Jocelyn bückte sich, um die Katze zu streicheln, die sich liebebedürftig an seinen Beinen rieb.

»Nun denn, Frau Lamb,« hob er mit einiger Befangenheit an, »im Grunde habe ich die Absicht, für das Kind zu sorgen. Ich – hm – ich habe sie gern, und der Gedanke, sie ins Waisenhaus zu schicken, ist mir unleidlich.«

Frau Lamb streckte in einer Mischung von Erstaunen und Bewunderung beide Arme gen Himmel.

»Ja, das muß ich sagen, Herr Jocelyn, Sie konnten manch einen Christenmenschen beschämen, das ist, wie ich's sage, und kein Irrtum nicht. Und ich weiß bestimmt und hoffe, daß es Ihnen auch gelohnt wird in der andern Welt, woran gar kein Zweifel nicht ist, denn er sagt's uns ja sonnenklar, daß derjenige, welcher ...«

Jocelyn war so rücksichtslos diesem Lobgesang Einhalt zu gebieten, indem er Frau Lambs Rat über Einzelheiten der Ausführung seines Plans verlangte.

»Ja, da wäre ja die kleine Schrankstube zwischen Ihrem Badezimmer und der Treppe,« sagte Frau Lamb überlegend. »Steht nichts darin als alte Bilderrahmen, G'staffeleien und solches Zeug, obwohl ich sagen muß, 's ist ein nettes Stübchen mit einem Fenster, wenn's rein gemacht ist.«

»Da wäre ja allen geholfen,« erklärte Jocelyn erleichtert. »Sie haben wohl die Güte, das Stübchen in Ordnung zu bringen, Frau Lamb, und ich werde ein paar Möbelstücke zur Einrichtung besorgen und herschicken lassen. Glauben Sie wirklich, daß die Kleine oben ist?«

»Das ist mehr gefragt, als ich weiß, Herr Jocelyn. Soll ich nachsehen?«

»Nein, nein, ich gehe selbst hinauf.«

In gemäßigtem Tempo erstieg er des »Daches Zinnen«. Die Kammerthüre, die er suchte, war zugeklinkt, er öffnete sie geräuschlos und unterschied im Dämmerlicht den Umriß eines schattenhaften Gestältchens, das am Fenster saß. Arme kleine Seele! Es war die Stunde, um die sie sonst auf den Pa gewartet hatte, der vom »Geschäft« heimkehren sollte. Als die Thüre leise kreischend geschlossen wurde, fuhr sie herum und flog mit einem leidenschaftlichen Aufschrei zweifelnder Freude in Jocelyns Arme. Mit totenblassem Gesicht bebte sie aber wieder zurück, er jedoch hielt sie fest und setzte sich, das Kind auf seinen Knieen haltend, auf einen Stuhl.

»Ach! Dachte es wäre Pa!« stammelte sie.

Dann schmiegte sie das Köpfchen in seinen Arm und brach in heiße, nicht enden wollende Thränen aus.

Jocelyn sagte nichts, um sie zu trösten, hauptsächlich deshalb, weil er im Augenblick nicht sprechen konnte. Als er dann seine Wange auf die reichen Lockenhaare legte, war er nicht ganz sicher, ob seine Augen trockener seien als die des Kindes.

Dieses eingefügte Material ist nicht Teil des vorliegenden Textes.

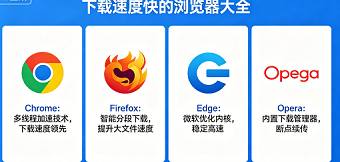 下载速度快的浏览器大全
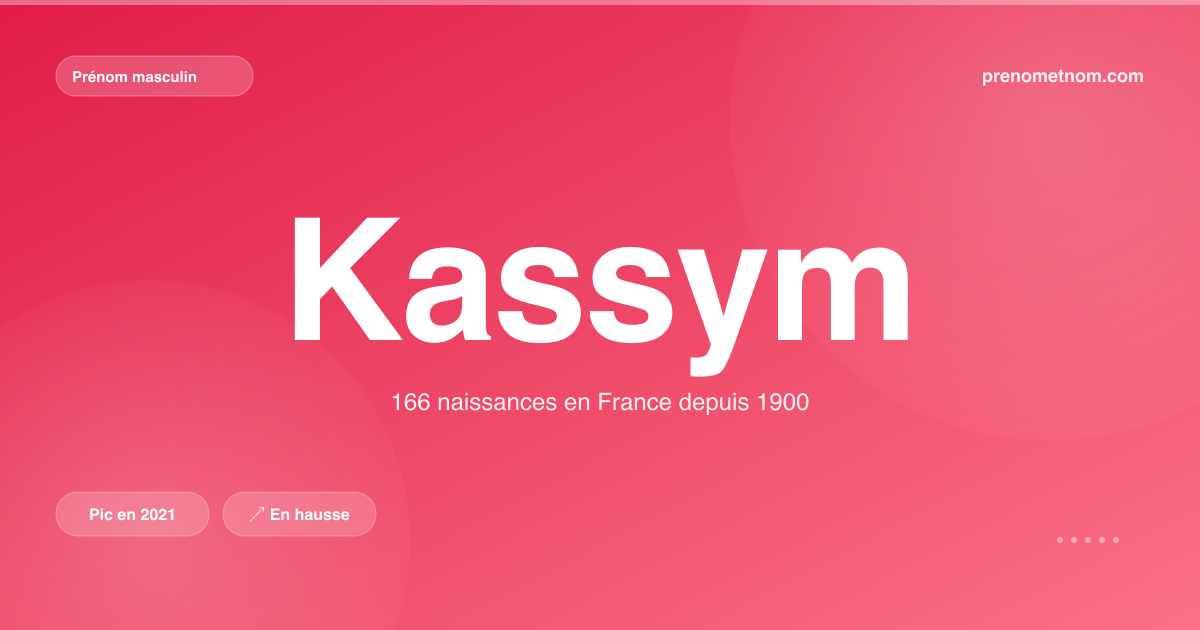 Carte visuelle du prénom Kassym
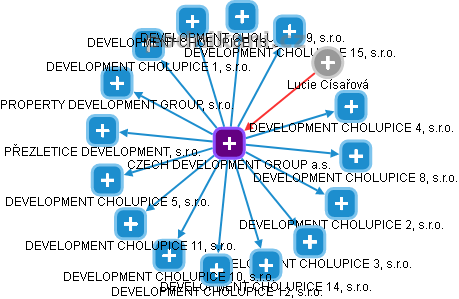 CZECH DEVELOPMENT GROUP a.s. - obrázek vizuálního zobrazení vztahů obchodního rejstříku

»Dot,« sagte er leise, als die Heftigkeit des Schluchzens bei ihr nachließ, »möchtest du nicht zu mir kommen und mein kleines Mädchen sein?«

Sie schüttelte ablehnend das Köpfchen.

»Nein,« stieß sie erschöpft heraus. »Mich bleibe hier. Pa kommt vielleicht wieder – mich warte.«

»Mein Herzenskind,« flüsterte Jocelyn in einem Ton, dessen weiche Innigkeit ihm keiner von seinen Kameraden zugetraut hätte. »Pa kommt nicht wieder. Pa ist weit fort von dir gegangen – für immer. Er ist – hm – er ist gestorben, Dot.«

»Nein, nein, nicht 'storben,« kreischte das Kind nervös.

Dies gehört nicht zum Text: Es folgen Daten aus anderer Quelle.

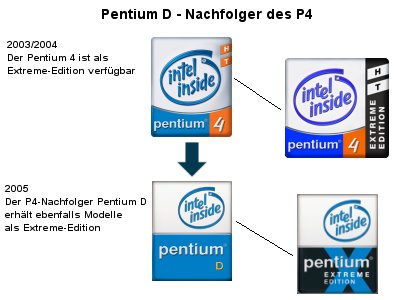 Intel Pentium D - Entwicklung, Nachfolger Pentium 4
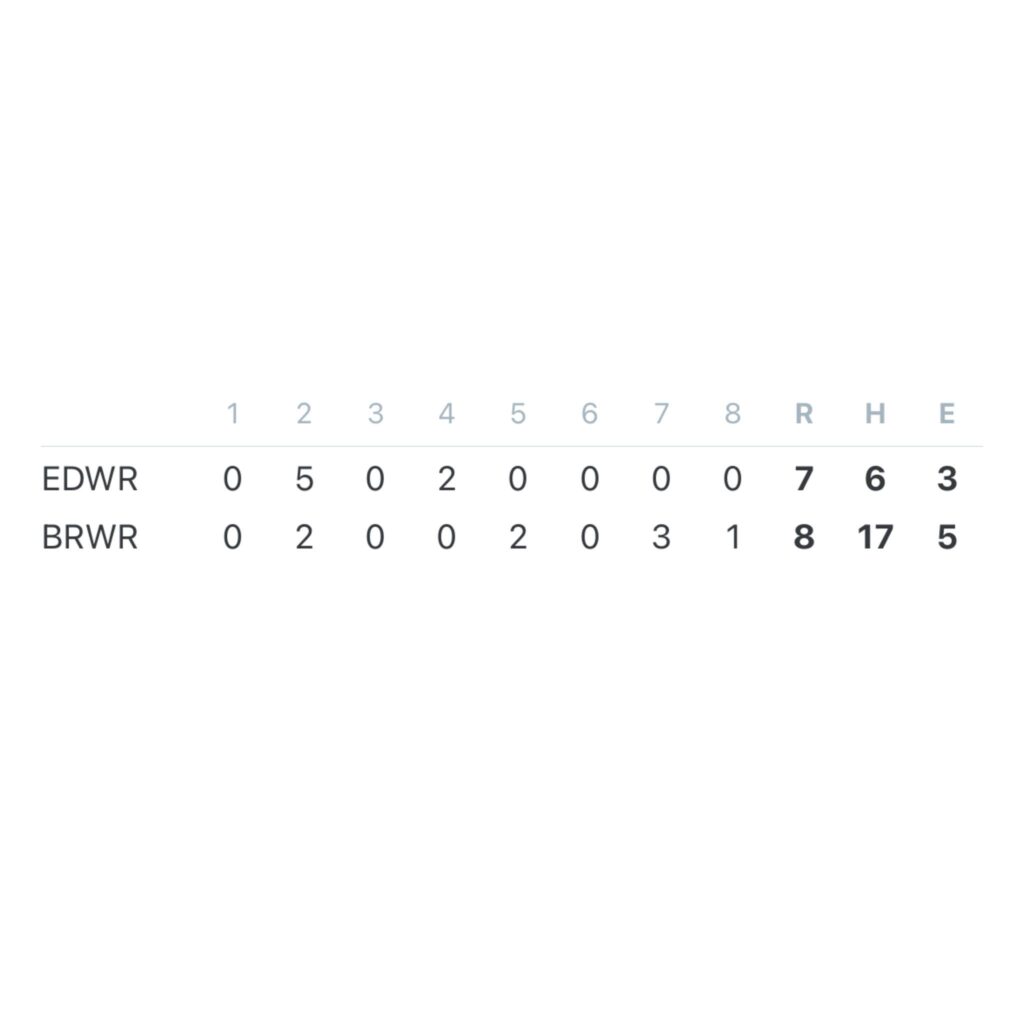Brewer softball rallies past Edward Little for walkoff extra inning win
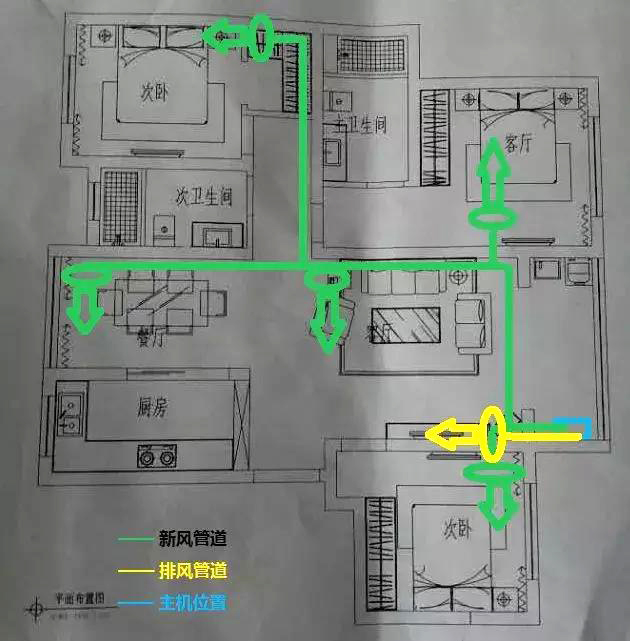新風(fēng)系統(tǒng)是什么？有必要裝嗎？怎么選？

Jocelyn drückte sie noch fester an sich und suchte ihr den geheimnisvollen Uebergang vom Leben zum Tod klar zu machen. Aber sie wollte nichts hören und ihn nicht verstehen, bis er schließlich sagte: »Du weißt es ja, Dot, wie einsam ich bin. Ich wäre ja so froh, ein liebes kleines Mädchen zu haben wie dich – das für mich sorgte, weißt du – mir Thee machte und derlei Dinge für mich thäte.«

Dots Thränen versiegten plötzlich; der mütterliche Trieb war erweckt.

»Mich will dein kleines Mädchen sein,« entschied sie sich mit matter Stimme, »aber nur bis Pa wieder kommt. Und jetzt,« setzte sie hinzu, »will mich dir Kuß geben.«

Diesen Kuß redlich zu verdienen, war Jocelyns Vorsatz.